I want to see how many entities in a selection share a property value with other entities. For example, how many paintings share the same 'depict' property value (P180)? My attempts with the following SPARQL query on WDQS (or on a local small subpart of Wikidata) often result in a timeout.
prefix wdt: <http://www.wikidata.org/prop/direct/>
prefix wd: <http://www.wikidata.org/entity/>
SELECT (count(distinct ?entity1) as ?c)
WHERE {
?entity1 wdt:P31 <http://www.wikidata.org/entity/Q3305213>; wdt:P180 ?val .
?entity2 wdt:P31 <http://www.wikidata.org/entity/Q3305213>; wdt:P180 ?val .
filter(?entity1!=?entity2)
}
Is there a better way of formulating the SPARQL query to get a result?
Since you don't use the variable ?entity2
in your select statement, a more efficient query would be the following one:
SELECT (count(distinct ?entity1) as ?c)
WHERE {
?entity1 wdt:P31 wd:Q3305213;
wdt:P180 ?val .
filter exists {
?entity2 wdt:P31 wd:Q3305213;
wdt:P180 ?val .
filter(?entity1 != ?entity2)
}
}
Unfortunately, this seems to run out of time too.
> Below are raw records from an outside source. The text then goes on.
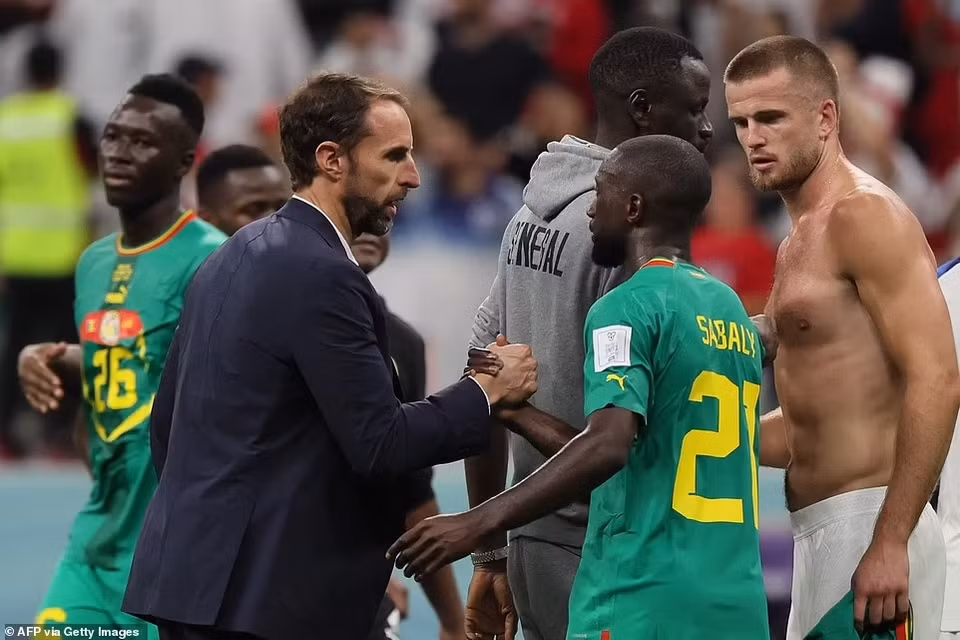 HLV Southgate động viên cầu thủ Senegal sau trận đấu. (Nguồn: Getty Images)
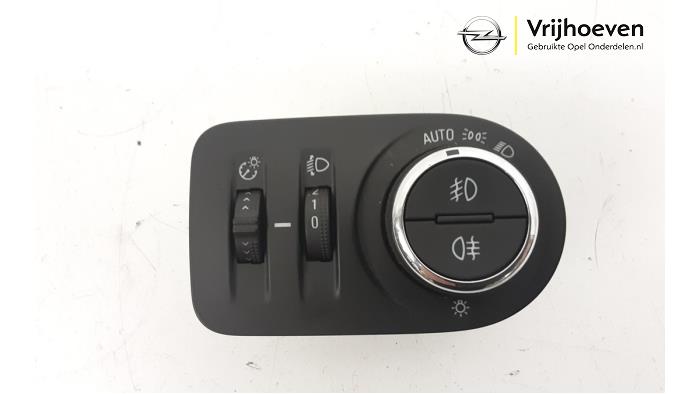 Interruptor de luz de un Vauxhall Combo Life 1.5 CDTI 100 2021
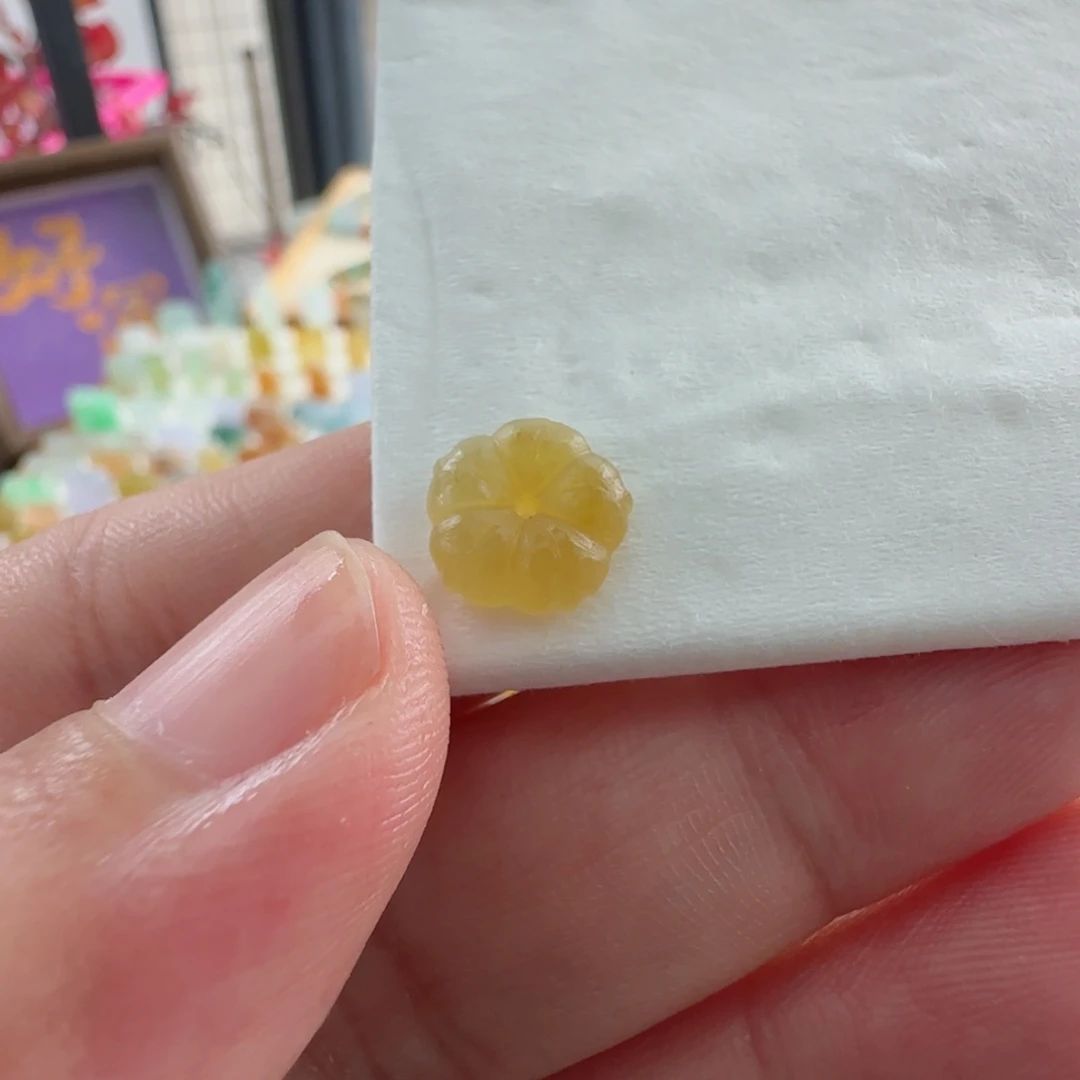 未镶嵌定制翡翠定制翡翠毛货不退不换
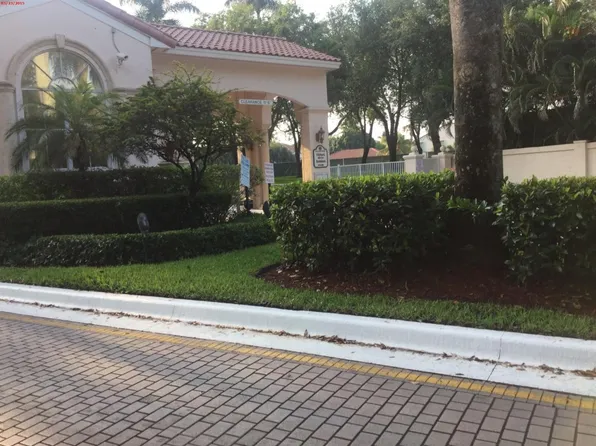 4949 SW 33rd Ave, Davie, FL 33312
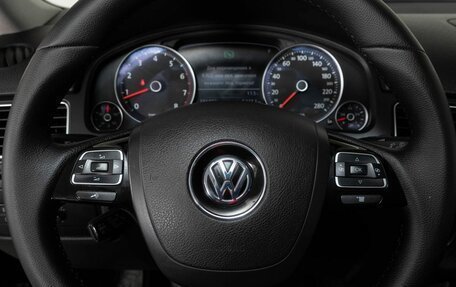 Volkswagen Touareg III, 2012 год, 1 988 000 рублей, 9 фотография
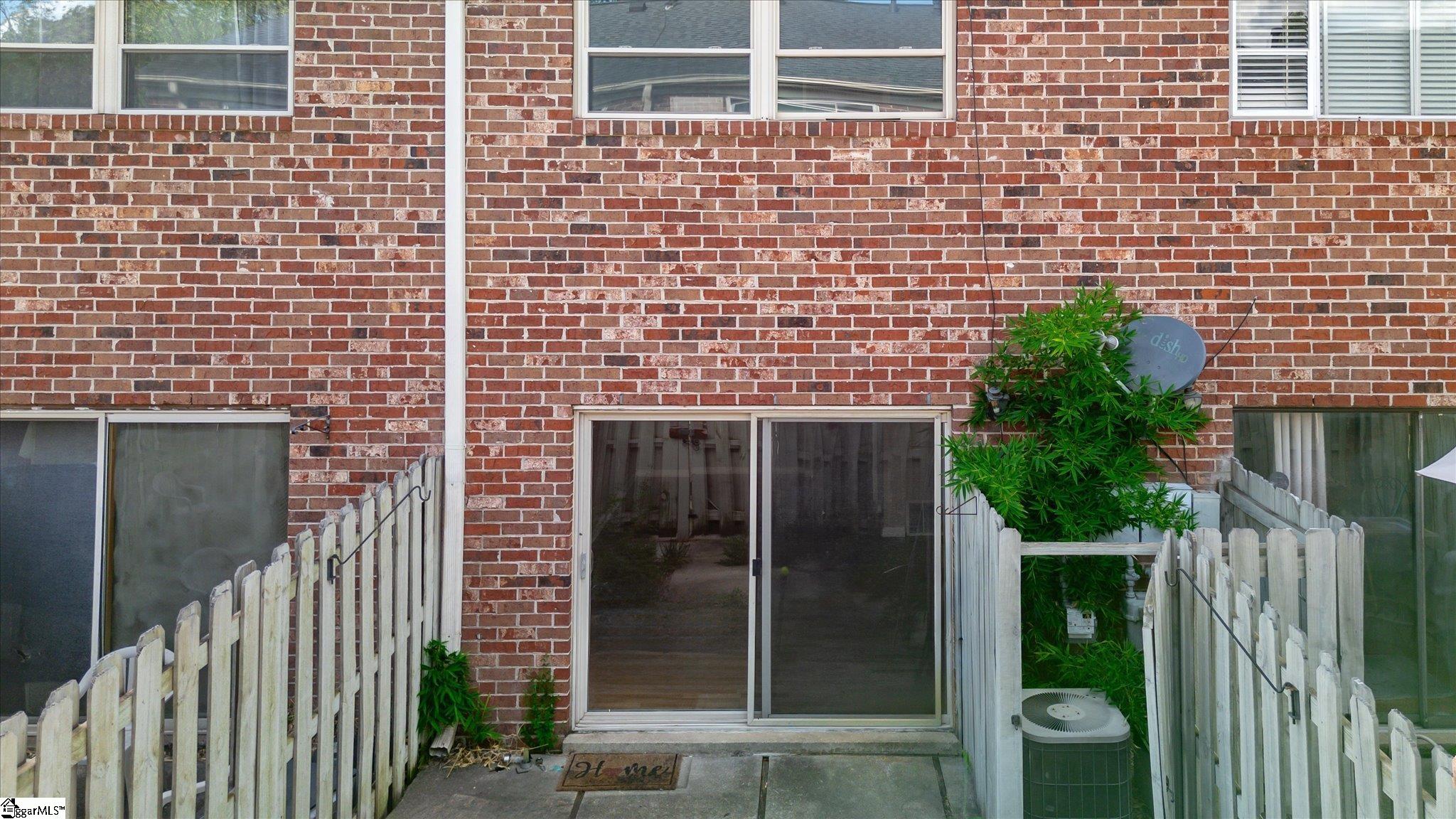 2530 E North Street Greenville, SC 29615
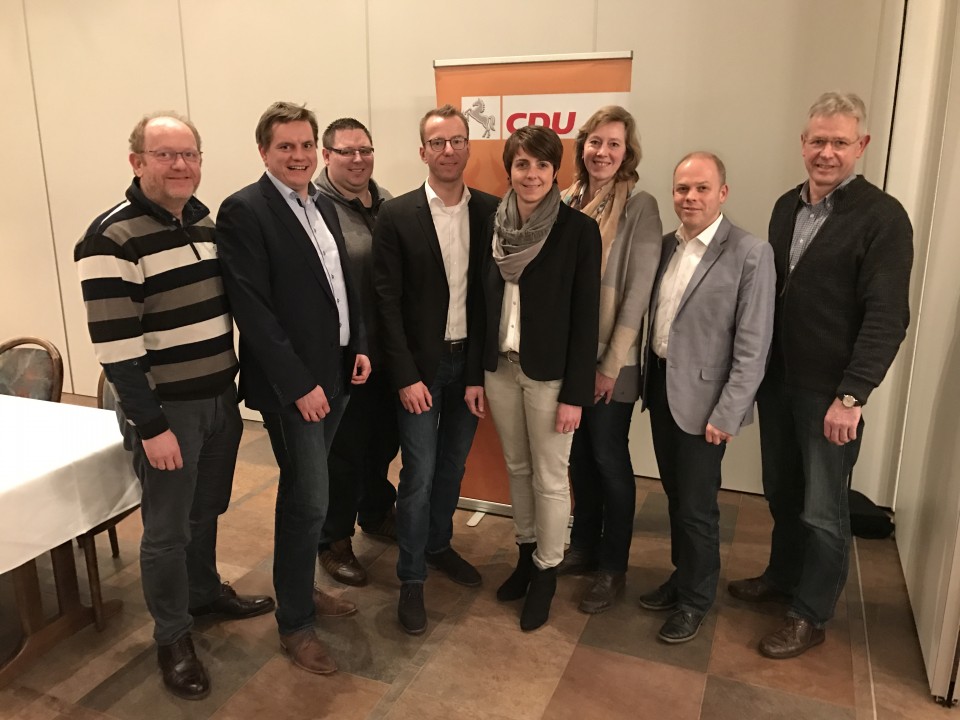 Der neue Vorstand: Wolfgang Paus, Klaus Hemme, Tobias Krel, Matthias Stein, Christiane Darpel, Hildegard Siemer und Reinhard Piepel.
Alternatively, you can use the following query:
SELECT (count(distinct ?entity) as ?countEntity)
WHERE {
{
SELECT ?val (count(distinct ?entity) as ?countVal)
WHERE {
?entity wdt:P31 wd:Q3305213 ;
wdt:P180 ?val .
hint:SubQuery hint:runOnce true .
}
GROUP BY ?val
HAVING (?countVal > 1)
}
hint:Prior hint:runFirst true .
?entity wdt:P31 wd:Q3305213 ;
wdt:P180 ?val .
}
which it runs in about 35 seconds.
Intuitively, the inner query retrieves all the values ?val
shared by at least two paintings (by checking that ?countVal > 1
); then, the outer query counts the entities having at least one of such values.